You asked if you can square the circle of wanting high performance without dealing with the fullness of people. Um, that’s a no.

If you want high performance, engage people. And not just “people” generically, but each of us, specifically. Onlyness. Don’t ask people to just do as they are told. Don’t ask them to stay in the box of their job. Ask them to show up, fully. 

“You get this, but” needs to change to “you get this, and”. The only way out is through. 

ACTIVATE PEOPLE AND THEIR IDEAS AND YOU GET A CULTURE OF INNOVATION

So many people sell us the crazy idea that teams are a dime a dozen and that with a hyper-focus on a single vision, you can deliver market results. I don’t want to dismiss it out of hand. Yes, that approach can, in certain circumstances deliver. It’ll deliver a one-hit-wonder, maybe making a founder and his VCs rich in the process.  

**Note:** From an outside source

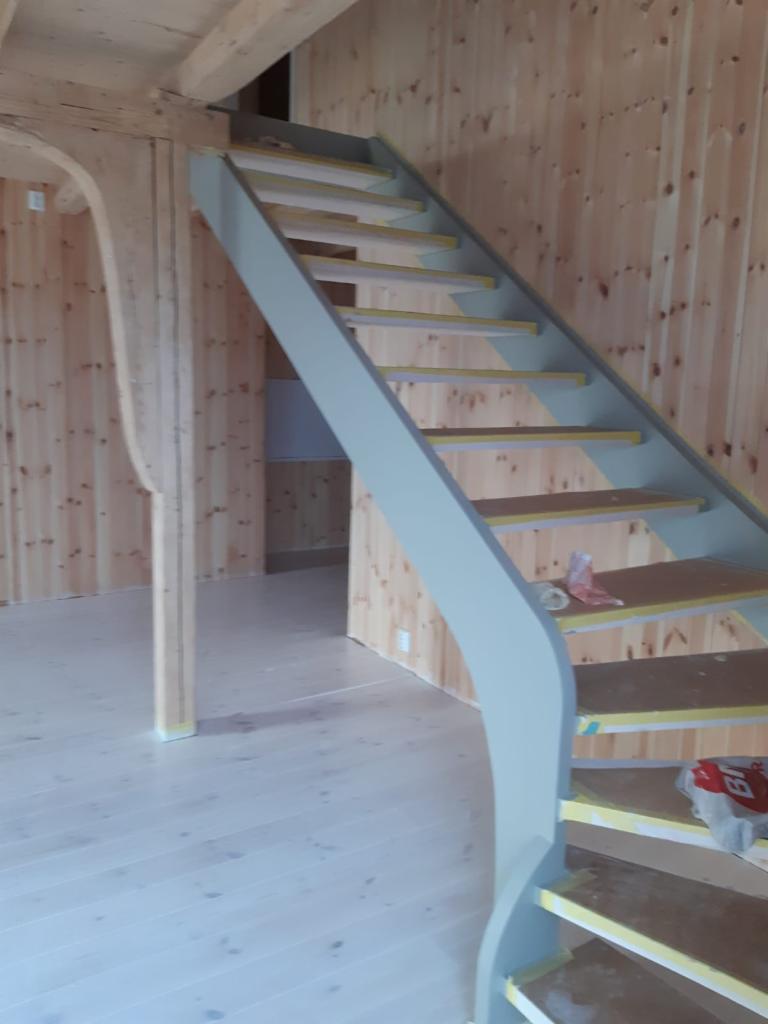 Drewniane schody z szarymi elementami w surowym wnętrzu domu w trakcie wykańczania, widoczne zabezpieczenia taśmą malarską i resztki materiałów budowlanych.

And yet far more is possible. 

We can have a culture of innovation, where work is not just the sum of our different parts, not just the sum of any contribution of our different talents and such. Activate a culture of innovation, and we do something with one another and for one another. It’s more than a sum, it creates exponential value.

Culture doesn’t exist within our walls or even in our job descriptions; it exists by the way we relate to each other. Starting with ourselves, grounded in our own purpose. When we understand who we are in our full depth and breadth and width. And how we stand shoulder to shoulder with those who share a common goal. To get to work.